IN TRACK WE ARE BECOMING OUR OWN WORST EMEMY

I remember back in the 1980s and 1990s, when American athletes like Carl Lewis, Edwin Moses, Evelyn Ashford, Valrie Briscoe-Hookes, Jackie Joyner Kersee and Florence Griffith-Joyner as well as others, dominated the sport of athletics, many Jamaicans were annoyed by what we perceived to be their arrogance. I guess it’s because the athletes we revered, the Merlene Otteys, Grace Jacksons and Raymond Stewarts, were always coming up short against them but soon we began accusing the Americans of being drug cheats.

Our accusations were based mainly on the fact that the Americans were good, very good and they always seemed that much better than our athletes and that caused our frustrations to build like a water behind a dam. Then in 2003 along came Dr. Wade Exum. Dr Exum in over 30,000 pages of evidence released to Sports Illustrated and to several US newspapers that 19 Olympic medalists including Lewis as well as hundreds of other athletes had failed drug tests but were allowed to compete at major championships between 1988 and 2000. Suddenly there was validation to what many Jamaicans had ‘believed’.

The BALCo scandal a few years later further exposed what by then the world had come to know; Americans were systematic cheaters. Athletes like Regina Jacobs, Calvin and Alvin Harrison, Marion Jones, Tim Montgomery, Jerome Young,  C.J. Hunter and others either made hasty exits or were forced into permanent retirement from the sport once it was discovered that they were on doping programmes under the supervision of one Victor Conte, who ran the Bay Are Laboratories in California.

Fast forward to the present and it is Jamaica that has the best sprinters in the world. It is Jamaica that has dominated the last two major international events – the 2008 Olympics and the 2009 World Championships. It is Jamaica that has two of the three fastest men in history and three of the fastest women of all time. It is Jamaica that holds the coveted world records in the 100 metres, 200 metres and sprint relay for men. Our women created history at the Olympics by getting a gold and two silvers in the women’s 100 metres. Veronica Campbell Brown became only the second woman in history to defend the Olympic 200-metre title. In short, we have in many ways become to the Americans what they were to us two decades ago.

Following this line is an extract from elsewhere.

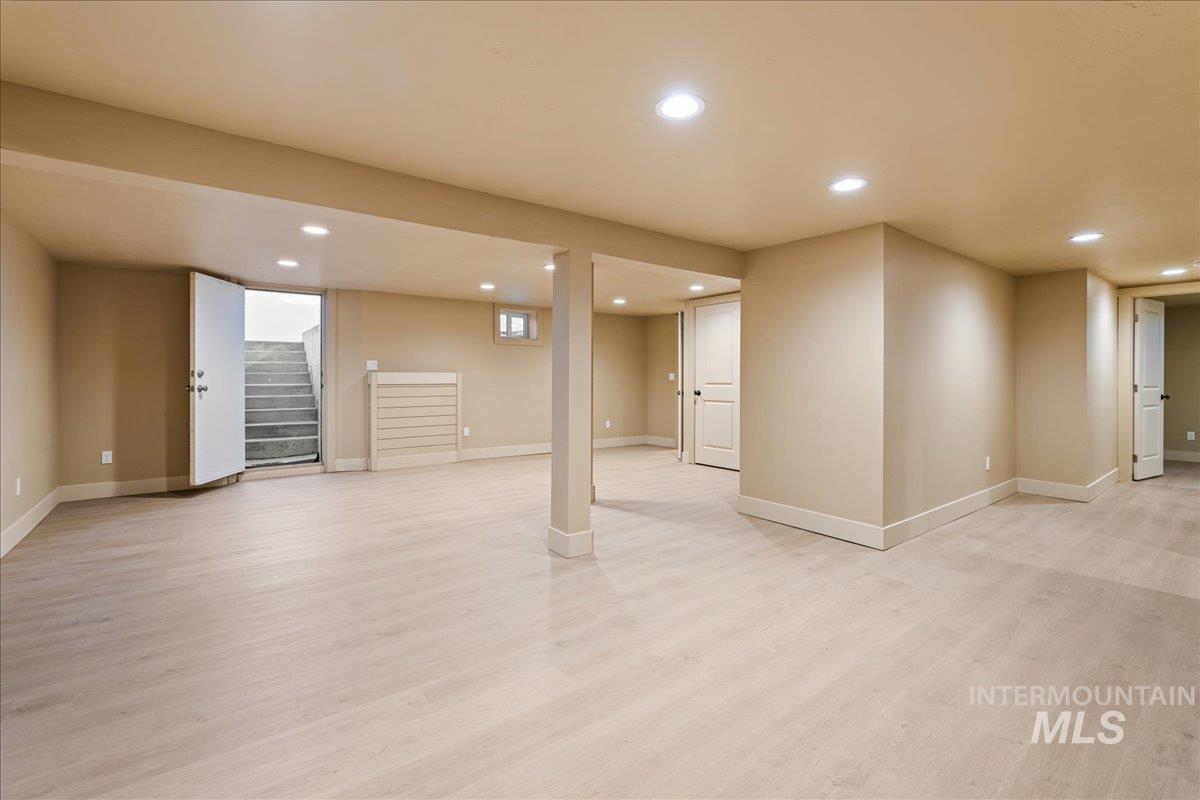 Finished below grade area featuring recessed lighting, light wood finished floors, and stairway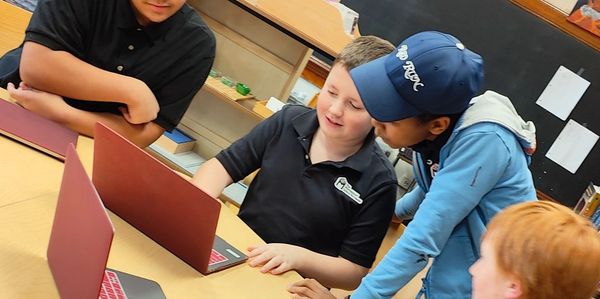 A picture of the kids looking at the laptop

But along with that success has come something that Jamaicans are refusing to accept but which we are no longer able to hide from. Steve Mullings positive test for a masking agent just two weeks before the start of the IAAF World Athletic Championships in Daegu, South Korea, is the latest in a growing list of doping test failures for Jamaican athletes – Julien Dunkley in 2008, Yohan Blake, Allodin Fothergill, Lansford Spence, Marvin Anderson and Sherri-Ann Brooks in 2009; Bobby Gay Wilkins and Shelly Ann Fraser in 2010 and now Mullings. No longer can it be said that Jamaican athletes don’t cheat. And even if you throw in the fact that Blake et al and Fraser were minor bans, suggesting that there was clearly no intention on their part to cheat, it is the perception that weighs more heavily on the reputation of Jamaica’s elite athletes.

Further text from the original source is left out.